Output all records exactly, with no images.

* [INFORMATION SHOWN]:
* * *
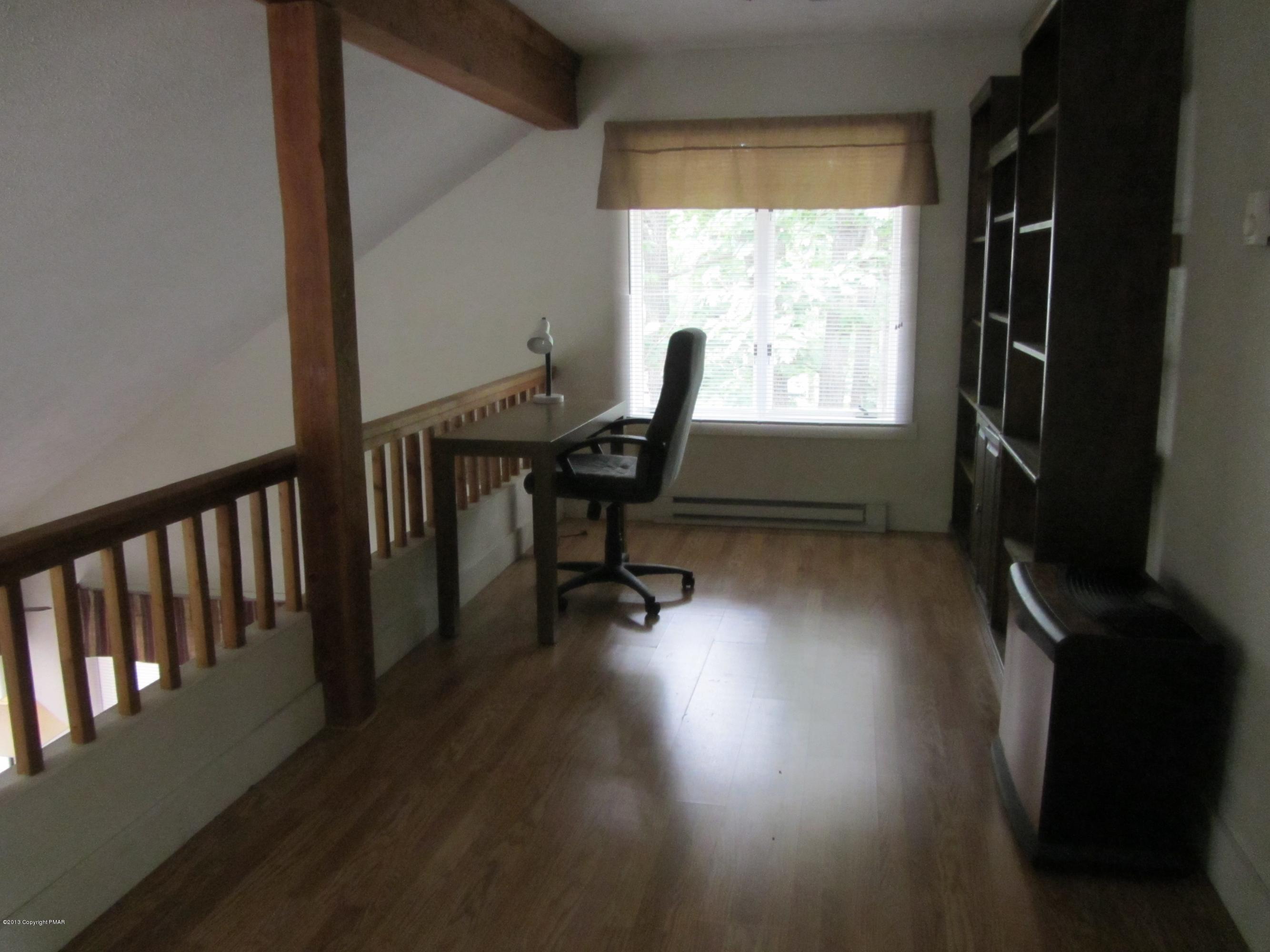 156 Snow Ridge Village Rd Lake Albrightsville, PA 18210 - Photo 16 of 22 Loft area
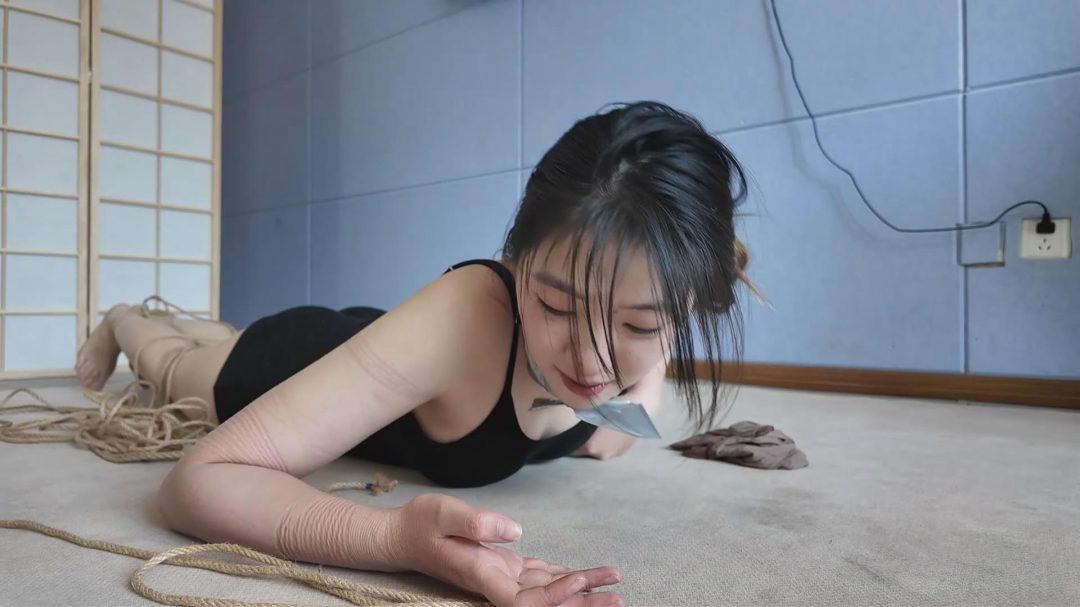 绳屋藏娇 定拍：求饶惨叫的贝贝-6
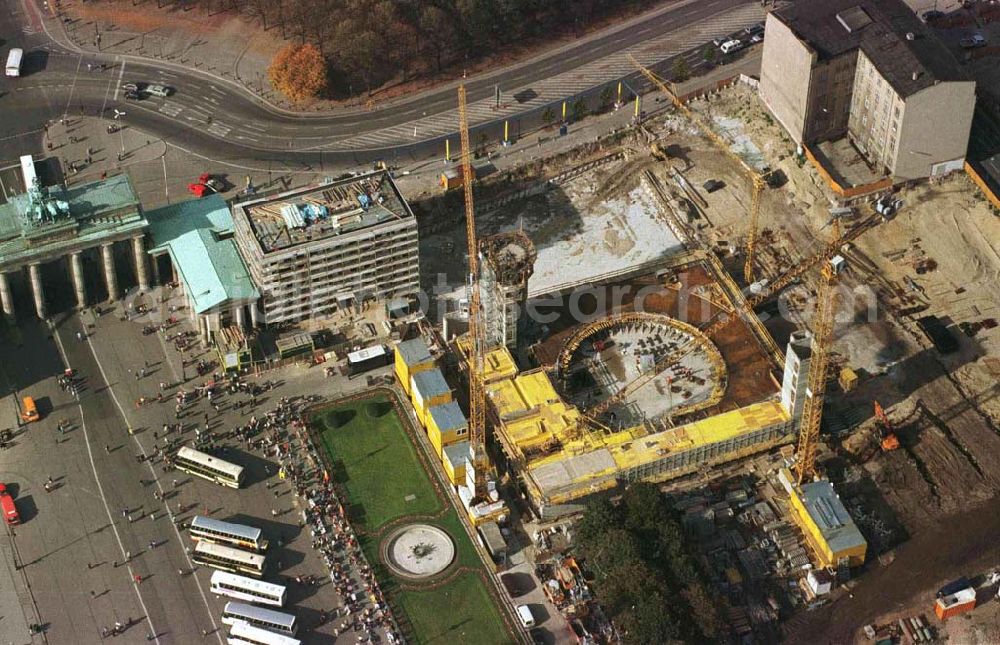 Berlin from above - Bau Dresdner Bank am Brandenburger Tor / Jede Verwendung nur mit Urheberangabe: 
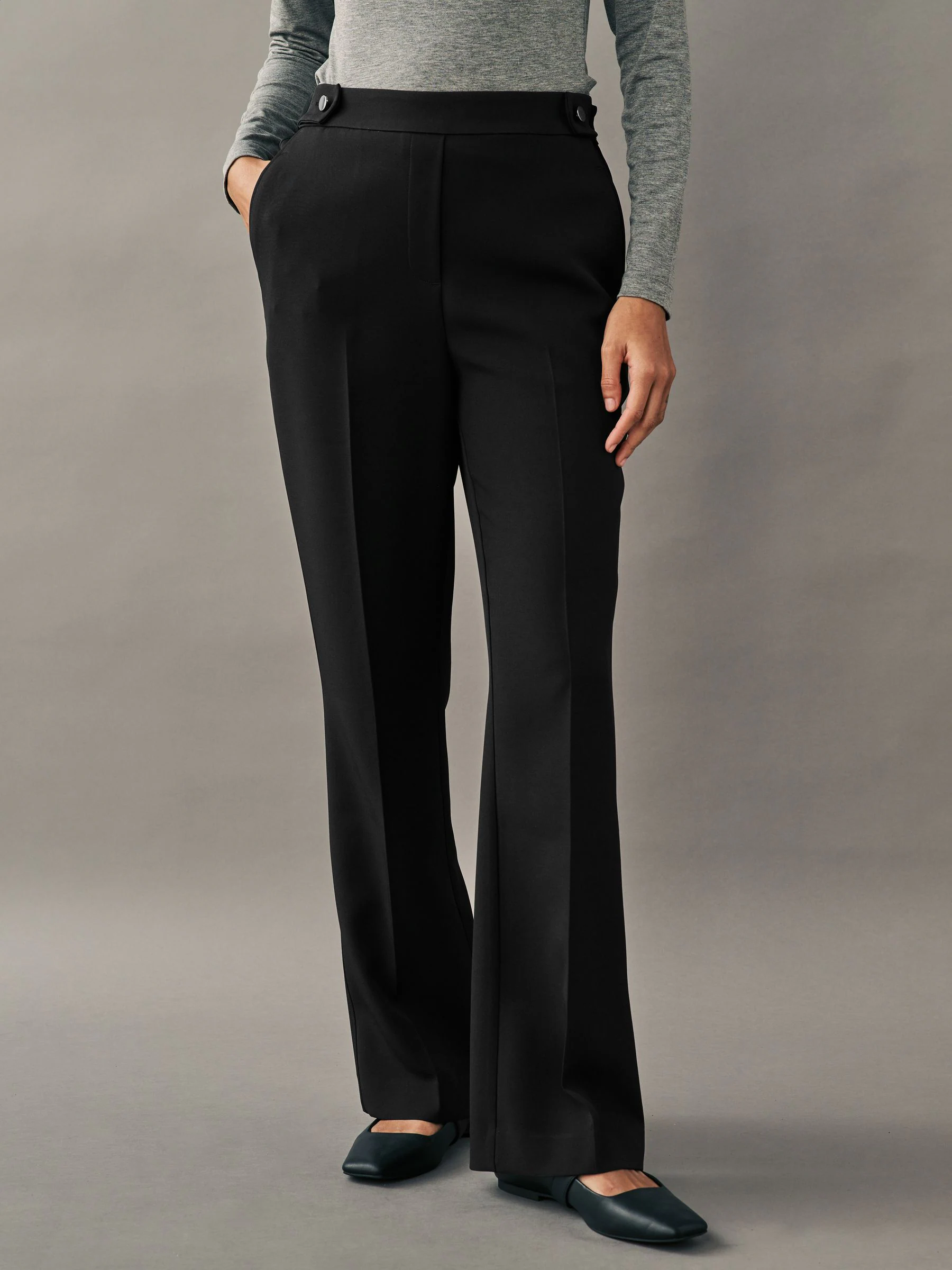 Zwart - Modieus gesneden bootcut broek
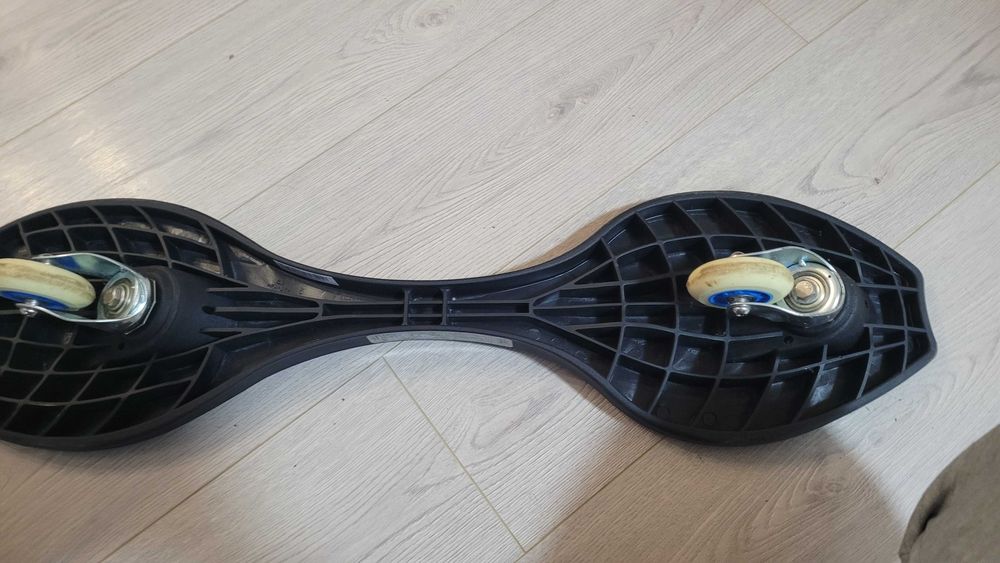 Waveboard : skateboard cu 2 roti.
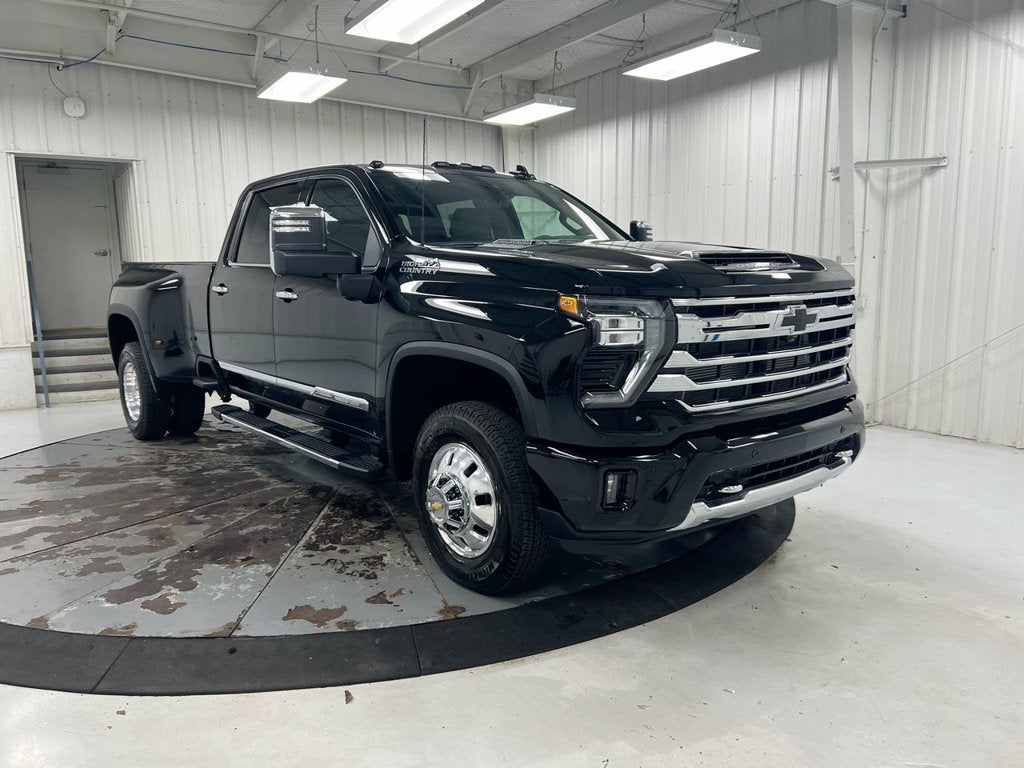 2026 Chevrolet Silverado 3500 HD High Country DRW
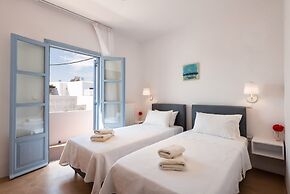Menta I in the Heart of Naousa Free Parking Paros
* * *
* [SOLVED PROBLEM]:
 156 Snow Ridge Village Rd Lake Albrightsville, PA 18210 - Photo 16 of 22 Loft area
 绳屋藏娇 定拍：求饶惨叫的贝贝-6
 Berlin from above - Bau Dresdner Bank am Brandenburger Tor / Jede Verwendung nur mit Urheberangabe: 
 Zwart - Modieus gesneden bootcut broek
 Waveboard : skateboard cu 2 roti.
 2026 Chevrolet Silverado 3500 HD High Country DRW
Menta I in the Heart of Naousa Free Parking Paros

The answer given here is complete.